O segundo discute-se assim. ― Parece que o pecado não tem causa interior.
1. ― Pois, o que é interior a um ser sempre lhe está presente. Portanto, se o pecado tivesse causa interior, o homem pecaria sempre, porque, posta a causa, resulta o efeito.
2. Demais. ― Nada pode ser causa de si mesmo. Ora, os movimentos interiores do homem é que constituem o pecado. Logo, não são causa deste.
3. Demais. ― O que é interior ao homem ou é natural ou é voluntário. Ora, o natural não pode ser causa do pecado, por ser este contrário à natureza, como diz Damasceno. E o voluntário, se for desordenado, já é pecado. Logo, nada de intrínseco pode ser causa do primeiro pecado.
Mas, em contrário, Agostinho diz que o voluntário é causa do pecado.
SOLUÇÃO. ― Como já dissemos (a. 1), devemos deduzir do ato mesmo a causa em si do pecado. Ora, podemos distinguir a causa interior mediata e imediata do ato humano. A sua causa imediata é a razão e a vontade, pela qual o homem é dotado de livre arbítrio. A causa remota é a apreensão da parte sensitiva e também o apetite sensitivo. Pois, assim como pelo juízo da razão e de acordo com ela, a vontade se move para o seu objeto, assim também pela apreensão do sentido, o apetite sensitivo se inclina para o ser, inclinação que às vezes arrasta a vontade e a razão, como a seguir se estabelecerá claramente (q. 77, a. 1). Por onde, podemos assinalar uma dupla causa interior do pecado: a próxima, relativa à razão e à vontade; e a remota, concernente à imaginação ou ao apetite sensitivo.
Mas, como já se disse (a. 1), a causa do pecado é algum bom motivo aparente, mas, a que falta o motivo devido, i. é, a regra da razão ou da lei divina. Por onde, o motivo mesmo, que é o bem aparente, depende da apreensão do sentido e do apetite; e, por outro lado, a ausência mesma da regra devida depende da razão, naturalmente levada à consideração dessa regra.

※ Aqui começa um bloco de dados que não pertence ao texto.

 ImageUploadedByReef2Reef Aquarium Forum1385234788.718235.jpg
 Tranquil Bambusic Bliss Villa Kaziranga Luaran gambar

A perfeição porém do ato voluntário pecaminoso, depende da vontade, pois o ato mesmo da vontade, com as premissas supostas, já é pecaminoso.
DONDE A RESPOSTA À PRIMEIRA OBJEÇÃO. ― O que é intrínseco, como potência natural, sempre está presente; ao passo que nem sempre o está o intrínseco como ato interior do apetite ou da virtude apreensiva. Ora, a potência mesma da vontade é causa potencial do pecado, a qual porém se atualiza pelos movimentos precedentes, da parte sensitiva, primeiro, e, conseqüentemente, da razão. Pois, por isso mesmo que um objeto é proposto como desejável ao sentido, a razão, às vezes, cessa de considerar a regrar devida; e então, a vontade pratica o ato pecaminoso. E portanto, como os movimentos precedentes nem sempre são atuais, também o pecado nem sempre há-de sê-lo.
RESPOSTA À SEGUNDA. ― Nem todos os movimentos interiores são da substância do pecado, consistente principalmente num ato da vontade; mas, uns precedem o pecado, e outros lhe são conseqüentes.
RESPOSTA À TERCEIRA. ― A causa do pecado, como potência produtora do ato, é natural. E o movimento da parte sensitiva, donde resulta o pecado, às vezes também o é, como quando pecamos desejando a comida. Mas vem a ser pecado inatural, por lhe faltar a regra natural a que o homem, pela sua natureza, deve atender.